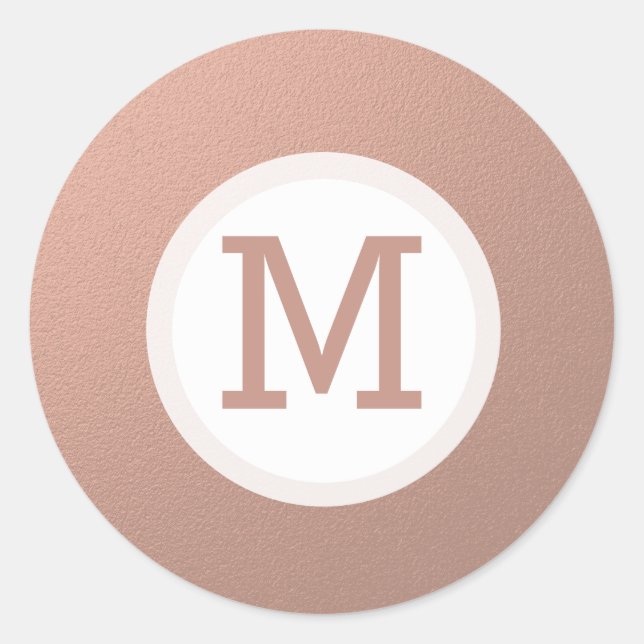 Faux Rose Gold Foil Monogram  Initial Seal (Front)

--

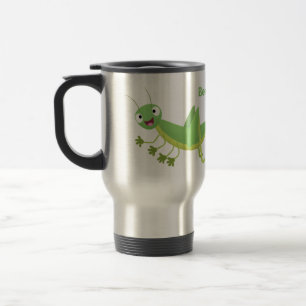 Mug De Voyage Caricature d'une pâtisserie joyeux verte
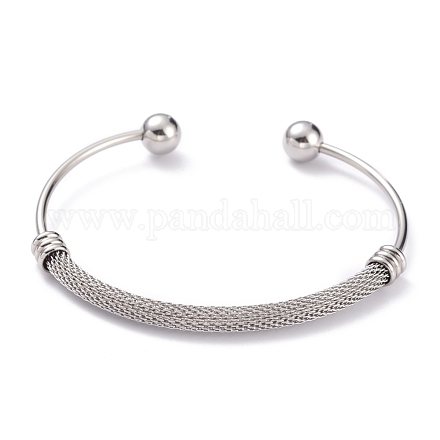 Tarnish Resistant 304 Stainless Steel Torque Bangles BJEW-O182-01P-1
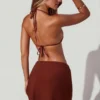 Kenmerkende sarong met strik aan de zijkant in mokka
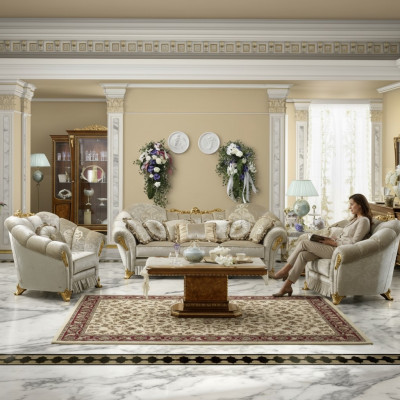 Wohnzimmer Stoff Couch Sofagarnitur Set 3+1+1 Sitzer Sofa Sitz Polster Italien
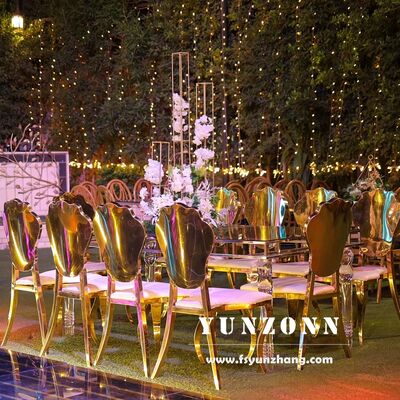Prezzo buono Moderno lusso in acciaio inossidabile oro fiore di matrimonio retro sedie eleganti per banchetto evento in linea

--

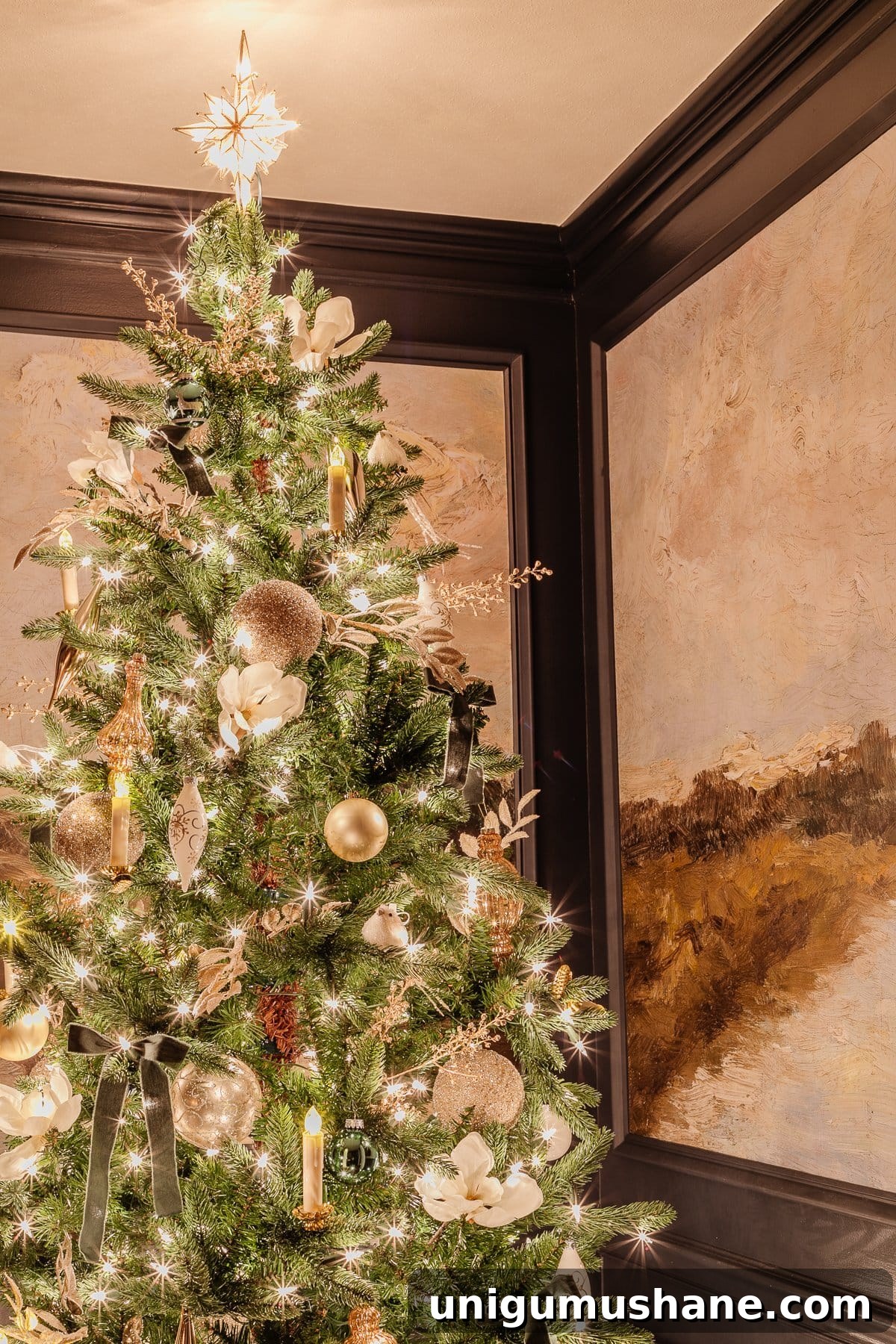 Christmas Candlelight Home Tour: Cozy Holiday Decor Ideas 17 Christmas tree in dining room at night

**TASK INSTRUCTIONS**
What do the entries above read from the line containing "Wohnzimmer Stoff Couch" through the line containing "Prezzo buono Moderno"? Output those lines exactly, both ends included, with the pictures left out.

**REPLY TO THE TASK**
 Wohnzimmer Stoff Couch Sofagarnitur Set 3+1+1 Sitzer Sofa Sitz Polster Italien
Prezzo buono Moderno lusso in acciaio inossidabile oro fiore di matrimonio retro sedie eleganti per banchetto evento in linea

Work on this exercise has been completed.